Ground Truth Images + Labels From Data Loader
Above are three images from the data loader I created with the labels plotted on top of them. They look somewhat blurry since all images were resized to 80 by 60
Training and Validation Loss
My neural network consisted of 3 convolutional layers and I tuned the learning rate and the batch size. The optimal values I found were a learning rate of 0.001 and batch size of 24.

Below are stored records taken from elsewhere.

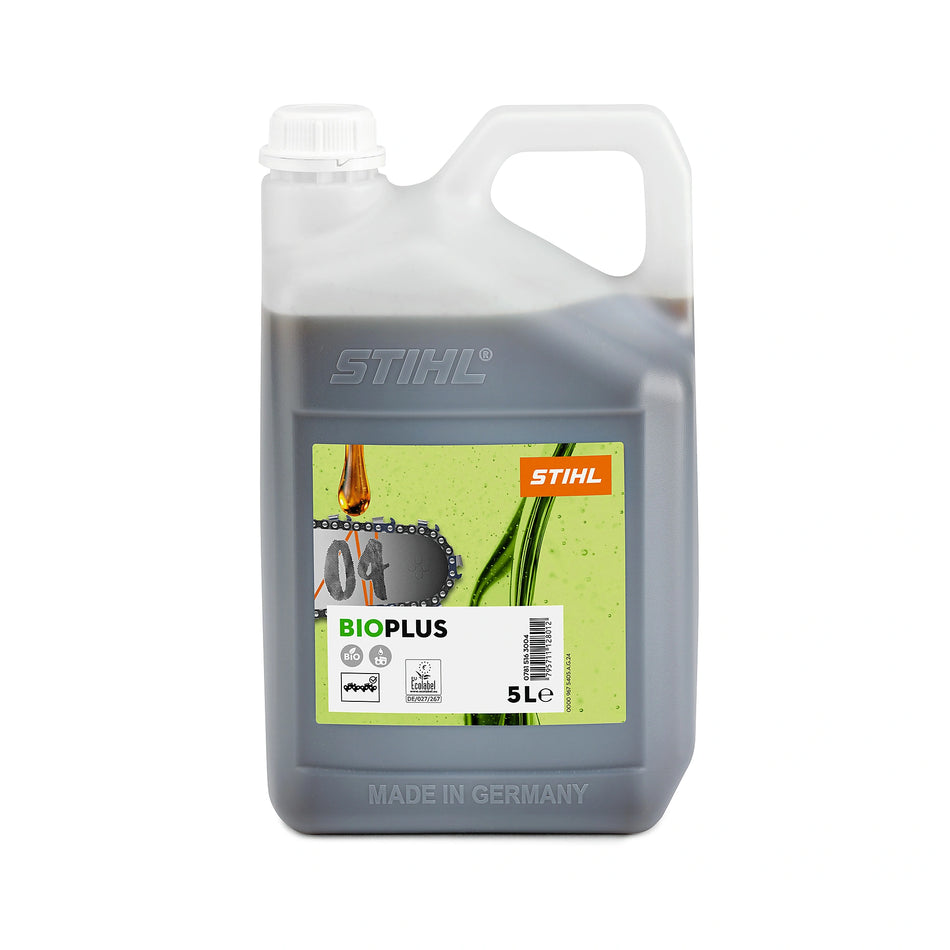 Aceite adhesivo de cadena BioPlus STIHL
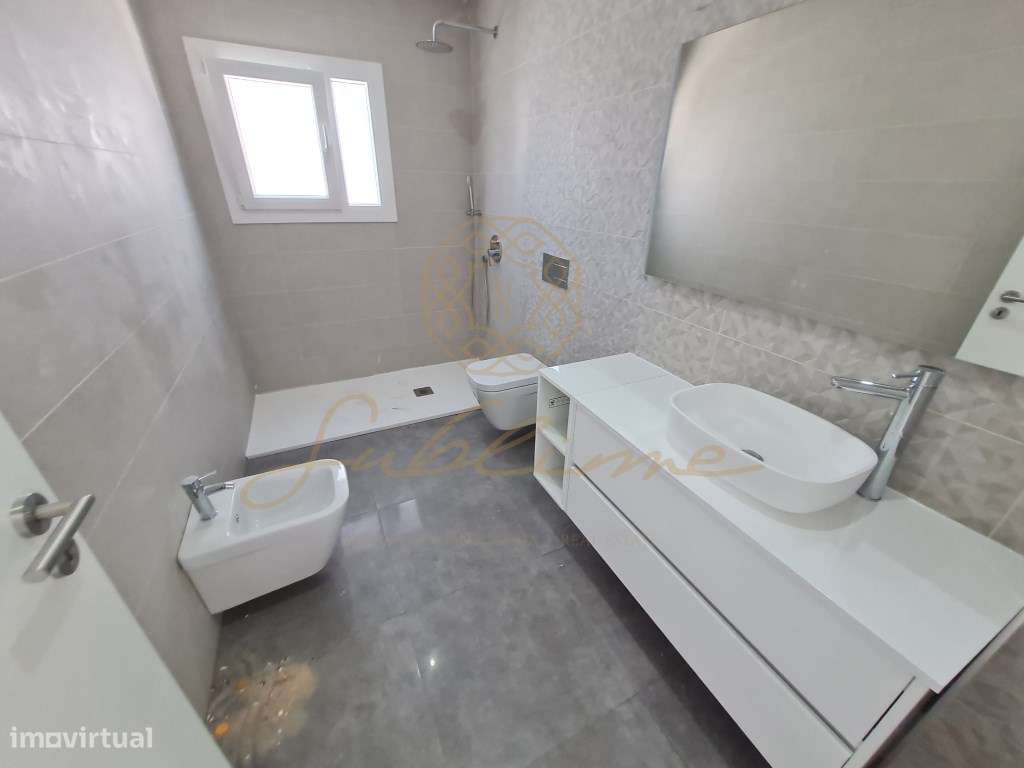 Moradia Térrea com 4 Quartos 'NOVA'-13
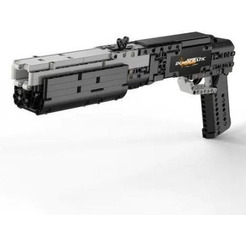 Конструктор CaDa Дробовик C81052W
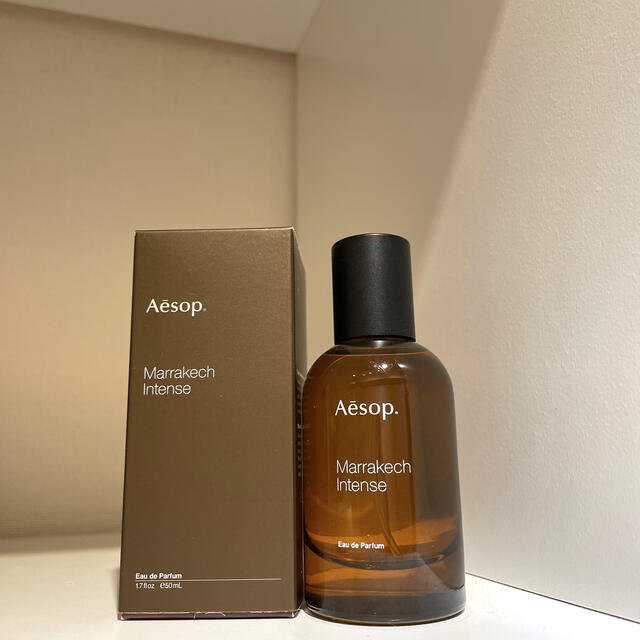 本物品質 tn様ご専用 Aesop マラケッシュ インテンス オードパルファム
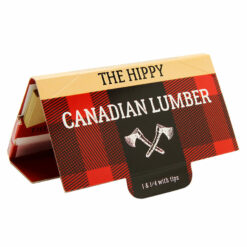 Canadian Lumber | Rolling Papers | 1 1/4" | ~ - Image 4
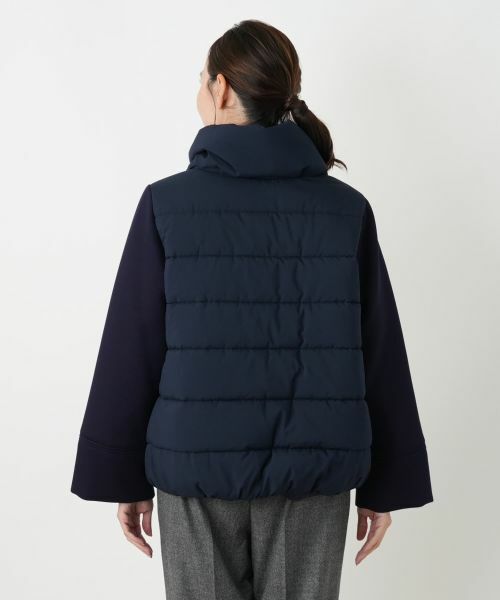 Leilian PLUS HOUSE / レリアンプラスハウス テーラードジャケット | ジャケット | 詳細9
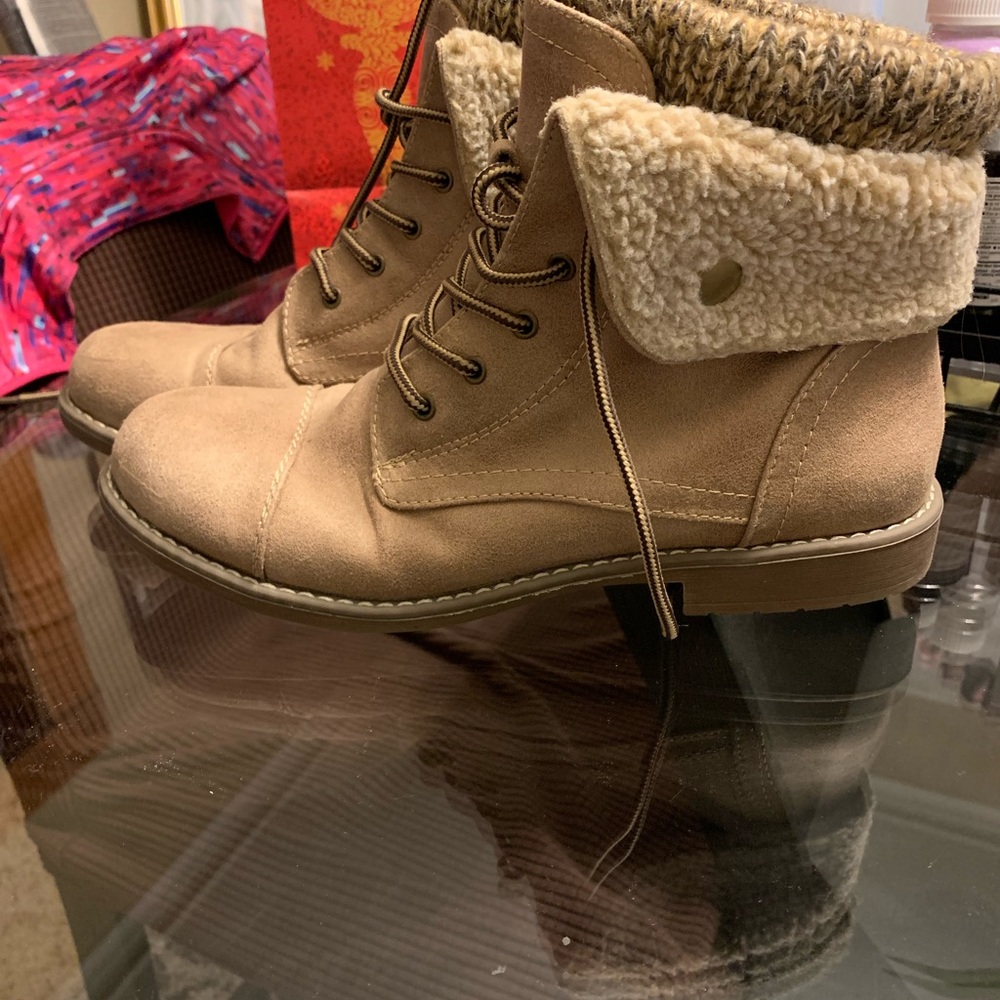 Boots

At the end of training my model had a training loss of 0.0013 and a validation loss of 0.0018
Tuning Learning Rate
When the learning rate was 0.01 the final training loss was 0.0037 and the validation loss was 0.0051. When the learning rate was 0.001 the training loss is 0.0013 and the validation loss is 0.0025. When the learning rate was 0.0005 the final training loss was 0.0040 and the validation loss was 0.0032.
Tuning The Batch Size
When the batch size is 12 the final training loss was 0.0022 and the validation loss was 0.0038. When the batch size was 24 the final training loss was 0.0013 and the validation loss was 0.0018. When the batch size is 48 the training loss is is 0.0013 and the validation loss is 0.0025.
Results
Here are some results that look pretty good
Here are few bad ones
The person in the first turned his face a lot and I think that cuased the model to predict wrong. In the second I think the creases caused by the smile confused the model
Ground Truth Images + Labels From Data Loader
Above are three images from the data loader I created with the labels plotted on top of them. These is data augmentation so the images can be tilted or shifted
Model Architecture
My model has 5 convolutional layers each followed by a maxPool layer. The first layer takes 1 channel and outputs 32. The second takes in 32 and outputs 64. The third layer takes in 64 and outputs 128. To the reduce the time the model takes to run the last two convolutional layers take in 128 and output 128. The model also has 2 fully connect layers. The first one is of size (1920, 1920) and is followed by a Relu. The final fully connected layer has size (1920, 116) to get the desired output of all the label coordinates. I trained my model at a learning rate of 0.001, a batch size of 48, and for 20 epochs.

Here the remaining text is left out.